Crawled caption data >>
⁂

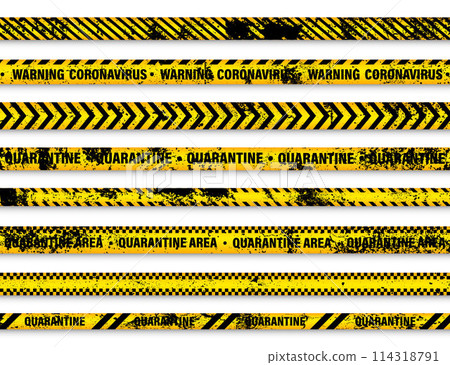 Old grunge quarantine zone warning tape. Novel coronavirus outbreak. Global lockdown. Yellow coronavirus danger stripe. Police caution line, restricted area. Construction tape. Vector illustration 114318791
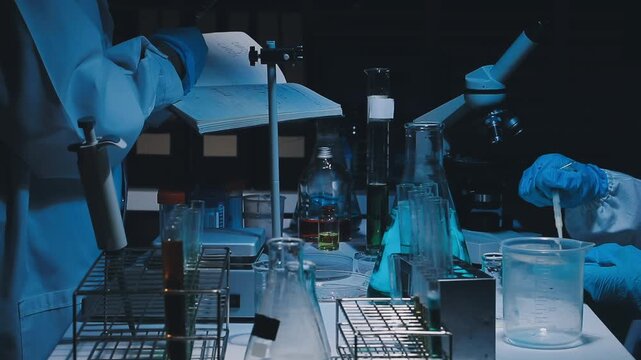 A laboratory technician makes microscopic bacteriological examination with the reagents. Work in microlaboratories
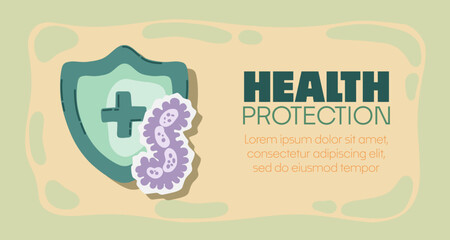 Guard shield attacked by virus, germs and bacteria. Immune system and virus protection concept with Health Protection text. Immunity hygienic medical prevention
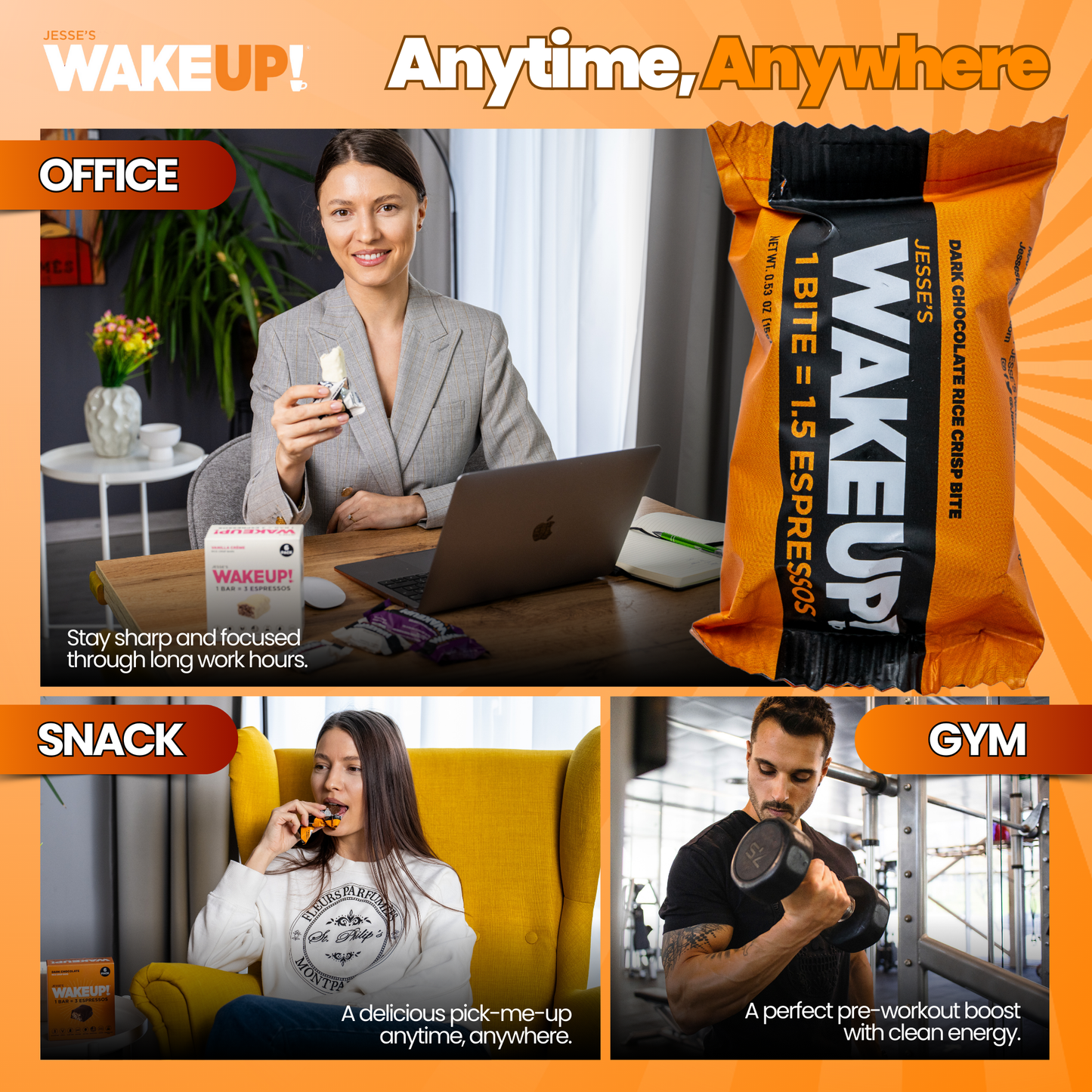 WakeUP! Caffeinated Chocolate Protein Bites - 8 Pack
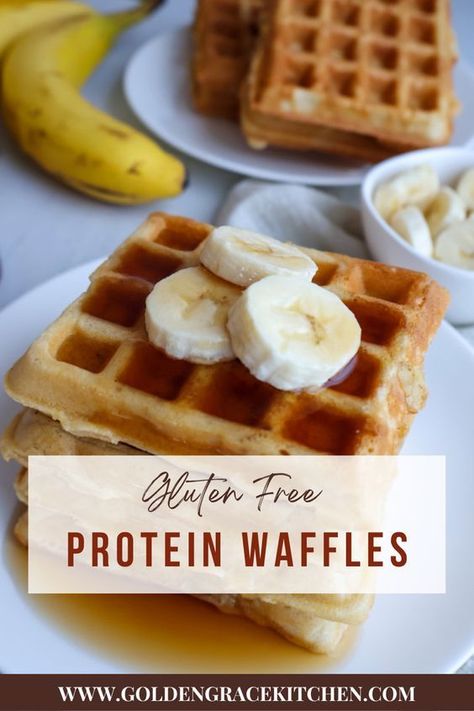 These fluffy gluten-free protein waffles are going to become your new favorite. They are fluffy, they are moist, they come together in minutes, and they are perfect for meal prep. This recipe is also dairy free, but can also be made using regular milk. Plant Based Butter, Dairy Free Waffles, Wheat Allergy, Weekend Brunch Recipes, Egg Free Breakfast, Food Sensitivity, Waffle Maker Recipes, Gluten Free Protein, Protein Waffles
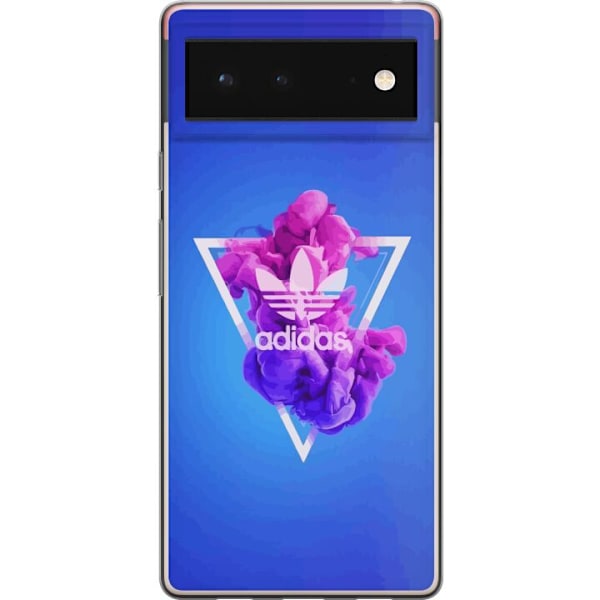 Google Pixel 6 Genomskinligt Skal Adidas-inspirerad blå desig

⁂

Give every line above again exactly, omitting whatever pictures appear.

FINISHED EXERCISE >>
 Old grunge quarantine zone warning tape. Novel coronavirus outbreak. Global lockdown. Yellow coronavirus danger stripe. Police caution line, restricted area. Construction tape. Vector illustration 114318791
 A laboratory technician makes microscopic bacteriological examination with the reagents. Work in microlaboratories
 Guard shield attacked by virus, germs and bacteria. Immune system and virus protection concept with Health Protection text. Immunity hygienic medical prevention
 WakeUP! Caffeinated Chocolate Protein Bites - 8 Pack
 These fluffy gluten-free protein waffles are going to become your new favorite. They are fluffy, they are moist, they come together in minutes, and they are perfect for meal prep. This recipe is also dairy free, but can also be made using regular milk. Plant Based Butter, Dairy Free Waffles, Wheat Allergy, Weekend Brunch Recipes, Egg Free Breakfast, Food Sensitivity, Waffle Maker Recipes, Gluten Free Protein, Protein Waffles
 Google Pixel 6 Genomskinligt Skal Adidas-inspirerad blå desig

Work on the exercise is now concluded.